• _PROBLEM DESCRIPTION_
Skip the pictures and write out, word for word, the lines below from the one with "United States, Florida, Miami-Dade" through the one with "太平山,見晴懷古步道,觀雲棧", inclusive.

• _EXTRACTED INFORMATION_
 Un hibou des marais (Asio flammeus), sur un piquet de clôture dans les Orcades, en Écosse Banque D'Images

* * *

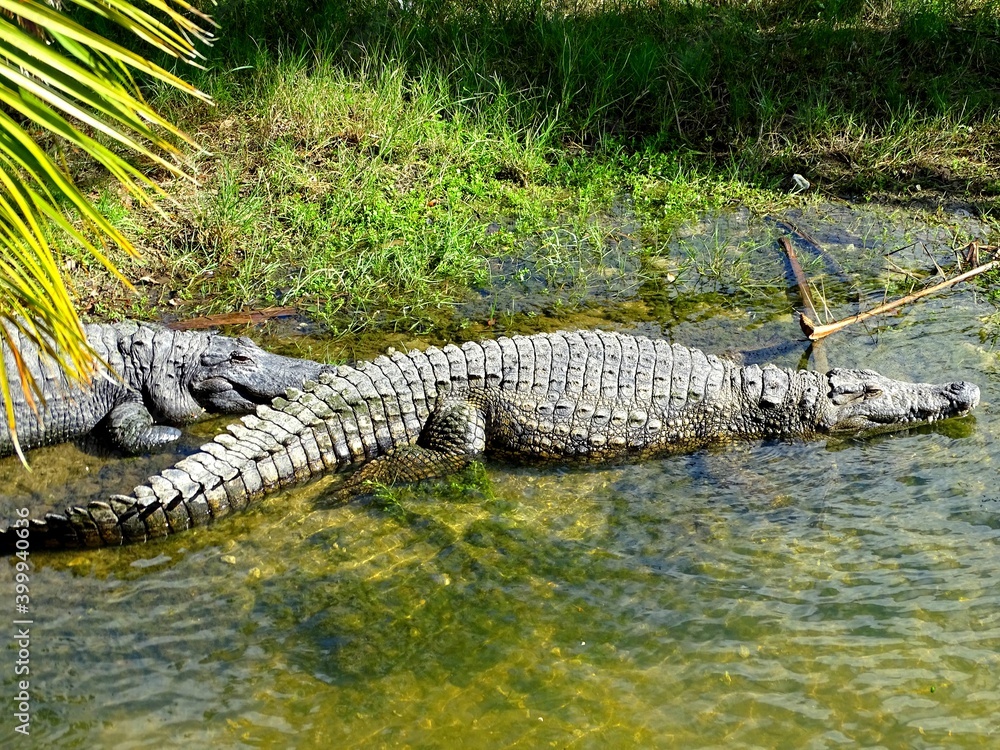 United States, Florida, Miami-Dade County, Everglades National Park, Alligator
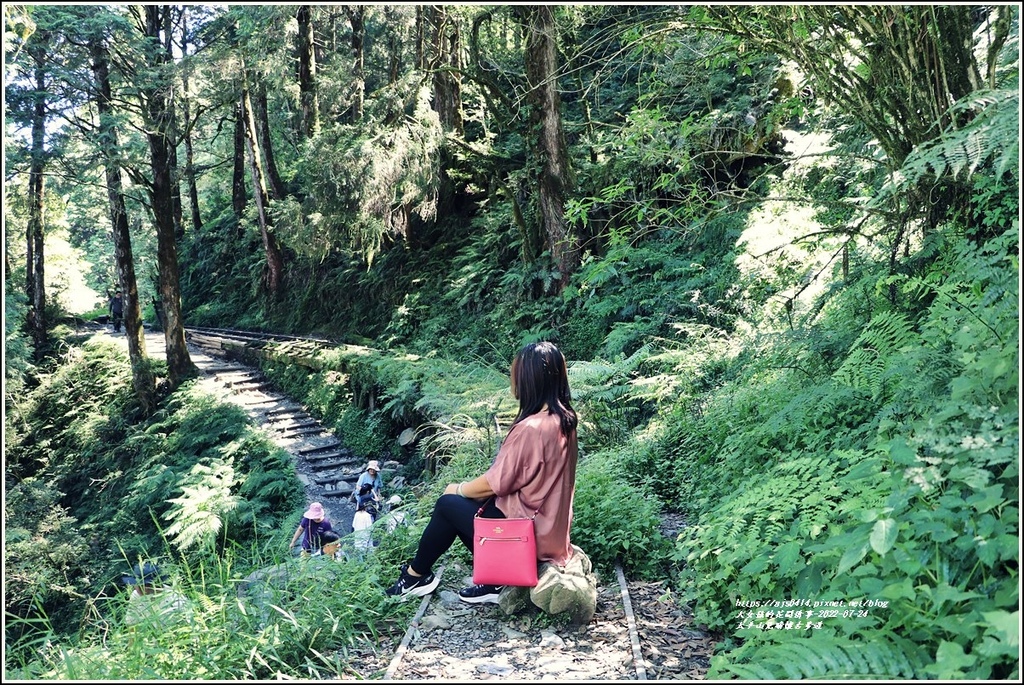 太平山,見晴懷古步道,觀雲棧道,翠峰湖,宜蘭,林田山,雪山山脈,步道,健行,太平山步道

* * *

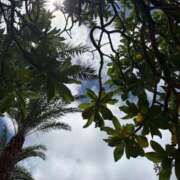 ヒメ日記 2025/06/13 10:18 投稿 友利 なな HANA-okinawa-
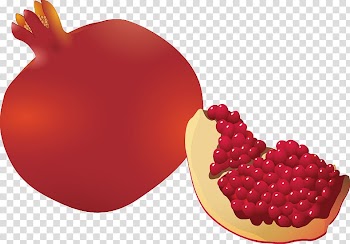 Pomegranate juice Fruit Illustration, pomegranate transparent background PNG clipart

• _OUTPUT OF THE TASK_
 United States, Florida, Miami-Dade County, Everglades National Park, Alligator
 太平山,見晴懷古步道,觀雲棧道,翠峰湖,宜蘭,林田山,雪山山脈,步道,健行,太平山步道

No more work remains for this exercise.